Abstract
109
Objectives: Deep-learning methods have been applied in PET image denoising. However, when the noise level in the training and testing images are different, a deep-learning model could introduce spatial blurring and affect denoising performance. In this study, the impact of the unmatched noise level in training and testing images for denoising low dose PET images was investigated and potential solutions are proposed.

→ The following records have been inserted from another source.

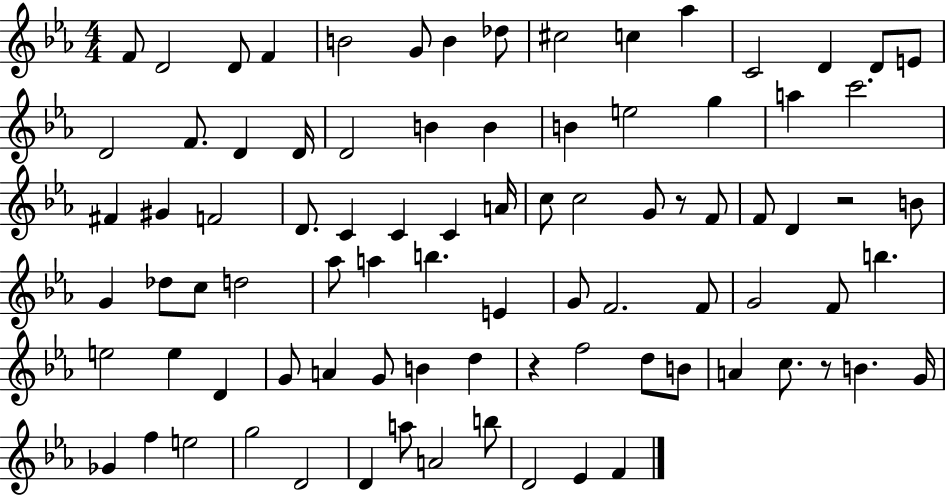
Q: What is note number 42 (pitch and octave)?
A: B4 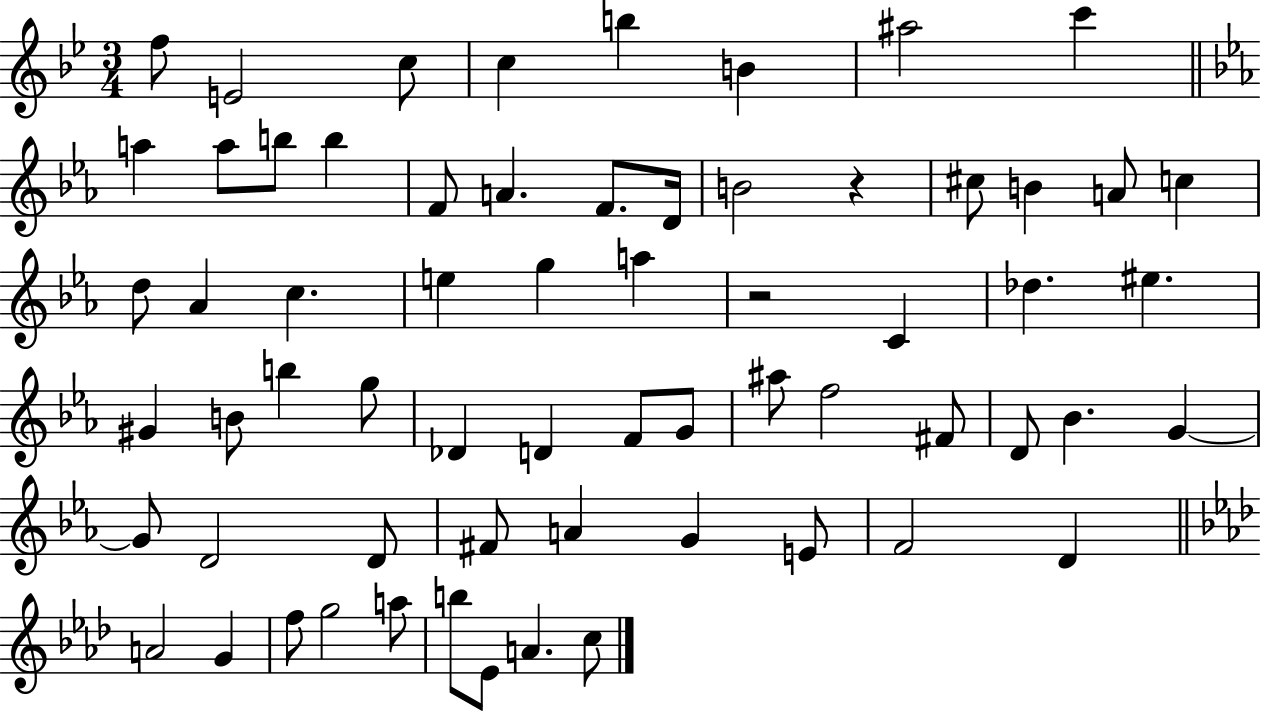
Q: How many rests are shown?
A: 2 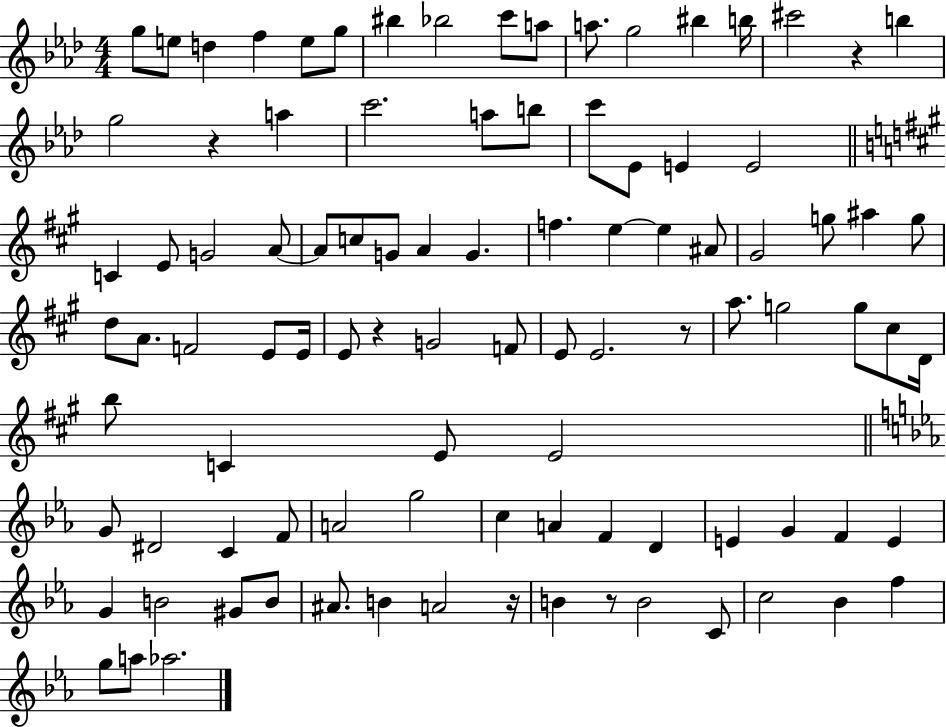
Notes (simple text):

G5/e E5/e D5/q F5/q E5/e G5/e BIS5/q Bb5/h C6/e A5/e A5/e. G5/h BIS5/q B5/s C#6/h R/q B5/q G5/h R/q A5/q C6/h. A5/e B5/e C6/e Eb4/e E4/q E4/h C4/q E4/e G4/h A4/e A4/e C5/e G4/e A4/q G4/q. F5/q. E5/q E5/q A#4/e G#4/h G5/e A#5/q G5/e D5/e A4/e. F4/h E4/e E4/s E4/e R/q G4/h F4/e E4/e E4/h. R/e A5/e. G5/h G5/e C#5/e D4/s B5/e C4/q E4/e E4/h G4/e D#4/h C4/q F4/e A4/h G5/h C5/q A4/q F4/q D4/q E4/q G4/q F4/q E4/q G4/q B4/h G#4/e B4/e A#4/e. B4/q A4/h R/s B4/q R/e B4/h C4/e C5/h Bb4/q F5/q G5/e A5/e Ab5/h. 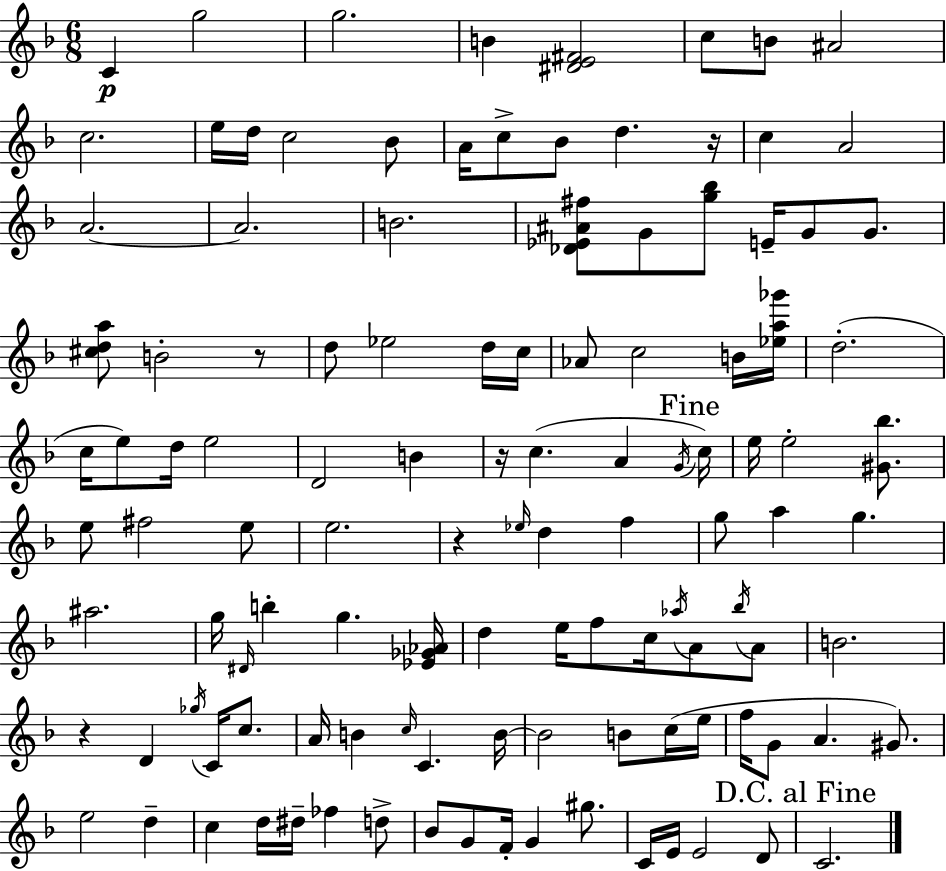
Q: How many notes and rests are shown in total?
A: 116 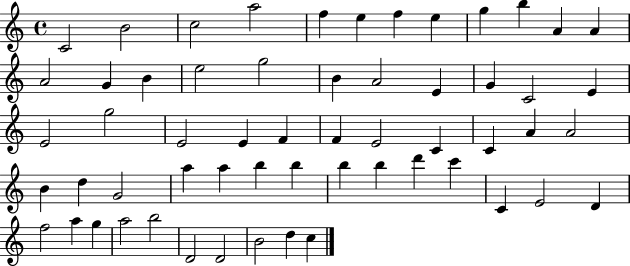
{
  \clef treble
  \time 4/4
  \defaultTimeSignature
  \key c \major
  c'2 b'2 | c''2 a''2 | f''4 e''4 f''4 e''4 | g''4 b''4 a'4 a'4 | \break a'2 g'4 b'4 | e''2 g''2 | b'4 a'2 e'4 | g'4 c'2 e'4 | \break e'2 g''2 | e'2 e'4 f'4 | f'4 e'2 c'4 | c'4 a'4 a'2 | \break b'4 d''4 g'2 | a''4 a''4 b''4 b''4 | b''4 b''4 d'''4 c'''4 | c'4 e'2 d'4 | \break f''2 a''4 g''4 | a''2 b''2 | d'2 d'2 | b'2 d''4 c''4 | \break \bar "|."
} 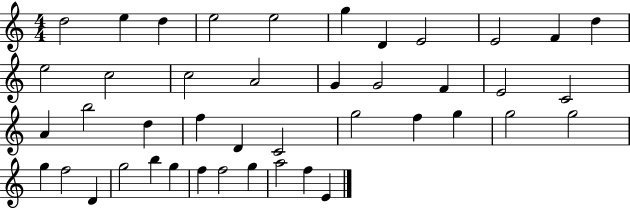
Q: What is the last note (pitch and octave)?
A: E4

Methods: 168 patients 18F-FDG images acquired on a Siemens mCT PET/CT were included in this study. Low-count PET images were generated by rebinning the list-mode data at 20% (2 samples), 40% (2 samples), and 60% (1 sample) by uniform down-sampling. Among all patients, 100 studies were randomly selected as the training datasets, and the rest as testing data. 500 training images (100 patients x 5 count samples) were sorted into five noise level groups, which were surrogated by the image-based measurement of normalized standard deviation (NSTD) within a 3-cm diameter 3D spherical ROI within the liver. 340 testing images (68 patients x 5 count samples) were sorted into 5 groups with the same NSTD range in the training groups. The NSTD ranges in each group are 0-0.12, 0.12-0.14, 0.14-0.17, 0.17-0.20, 0.20-0.50. Models trained on each group were named with the corresponding group number, e.g. Model 1 was trained on Group 1 images. Model/Group 1 corresponded to the lowest noise group while Model/Group 5 corresponded to the highest noise group. We also applied a control group covering the full range of noise level with NSTD of 0-0.5, and the model trained on this group was named as ModelAll. 3D U-Net was used in this study. The total numbers of images in each group are the same with 100 noisy images as input and the corresponding full-dose images as the label. Mean squared error (MSE), peak signal to noise ratio (PSNR), and structural similarity (SSIM) as compared to full-dose images were used for evaluation.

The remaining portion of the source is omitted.